• October 19–20, 2018

Symposium: Unfinished Business! The South Side and Chicago Art

Featuring: art historian Richard J. Powell

Columbia College Chicago and the Reva and David Logan Center for the Arts

Ralph Arnold, Above this Earth Games, Games, 1968. Reproduced with permission from The Pauls Foundation.


Although under-recognized in most surveys of Chicago art, the South Side nurtured important artistic movements, raised complex questions about the nature of black aesthetics, and promoted the arts through community arts organizations that continue to shape the fabric of Chicago. This symposium presents a series of panels and intergenerational dialogues that connect the history of the South Side to the present moment, in which the community, its arts organizations, and artists continue to play a central role in the visual culture and artistic dialogue of Chicago’s vibrant art and design community. Unfinished Business! is co-presented by the Museum of Contemporary Photography at Columbia College Chicago and the Smart Museum of Art, University of Chicago.

The symposium is free, but space is limited. Please register in advance.

Friday, October 19

  • 6 p.m. Keynote: Black Parnassus: Art in Chicago in the Interwar Years, Richard J. Powell 

Stage Two, Columbia College Chicago, 618 South Michigan Avenue, Chicago

Richard J. Powell is John Spencer Bassett Professor of Art & Art History at Duke University. A specialist in American art, the arts of the African Diaspora, and contemporary visual studies, he has written extensively, including such titles as Homecoming: The Art and Life of William H. Johnson (1991), Black Art: A Cultural History (1997 & 2002), and Cutting a Figure: Fashioning Black Portraiture (2008).

Saturday, October 20

Reva and David Logan Center for the Arts, 915 East 60th Street, Chicago

  • 10 a.m. Welcome
  • 10:15–11:45 a.m. Spaces: The South Side and Black Cultural Institutions

This panel reflects on the South Side as a site of cultural production and activism, and explores how it functioned within and responded to the social/cultural/political conditions of the South Side. Featuring presentations by Natalie Moore, Maséqua Myers, Faheem Majeed, moderated by Skyla S. Hearn.

  • Noon–1 p.m. Lunch, listening party, and printmaking activity
  • 1–3 p.m. From the Archive

A series of presentations that explore historic artistic interventions on the South Side by Sojourner Scholars, Jacqueline Stewart, Yaoundé Olu, Greg Foster-Rice, and Rebecca Zorach.

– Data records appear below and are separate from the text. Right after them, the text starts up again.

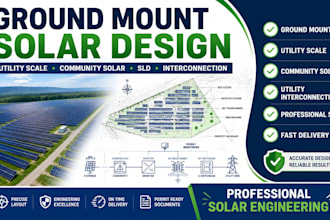 design ground mount solar, utility, sld and community solar projects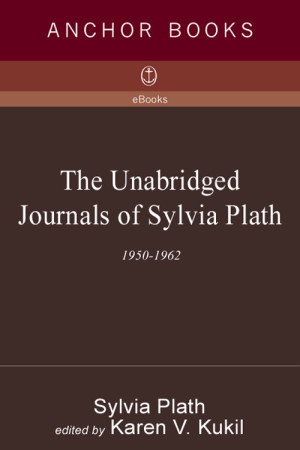 The Unabridged Journals of Sylvia Plath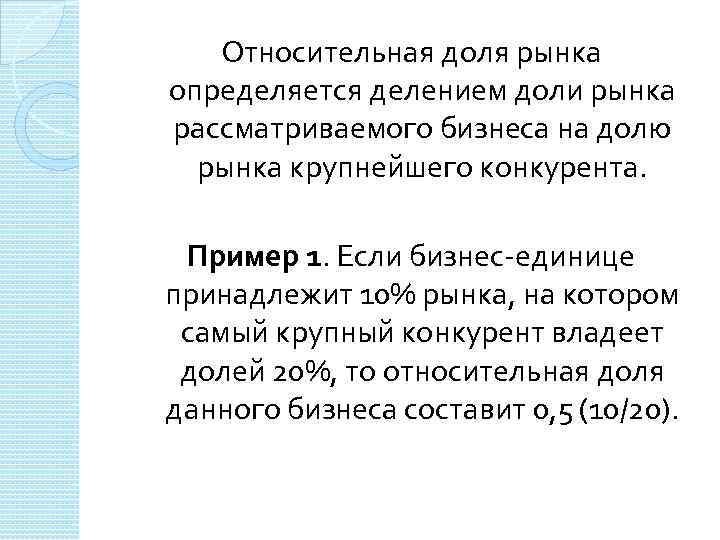 Относительная доля рынка определяется делением доли рынка рассматриваемого бизнеса на долю рынка крупнейшего конкурента.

  • 3:30–5 p.m. Panel: Shaping the South Side through Art and Activism

Artists at the frontlines of activist organizing has been a consistent characteristic of how Chicago's South Side communities have operated, whether it's 1968 or 2018. For this panel, artists, activists, and scholars come together to discuss the ways that art and activism have intersected in Chicago over the decades and what it looks like today. Featuring Page May, Monica Trinidad, Ayana Contreras, and Abdul Alkalimat. Moderated by Tracye Matthews.

  • 7–9 p.m. Screening

Following the symposium, stay at the Logan Center for a screening of two films about the intersection of art, music, and politics on Chicago’s South Side: Edward Bland’s The Cry of Jazz (1959, restored 35mm print) and Harley Cokeliss's Chicago Blues (1970, digital restoration). The screening is introduced by DJ, radio producer, and author Ayana Contreras and presented by South Side Projections, as part of their Chicago's Black Arts Movement in Film series, in collaboration with the Smart Museum of Art, the Film Studies Center, and the Logan Center for the Arts as part of the Logan Center Bluesfest.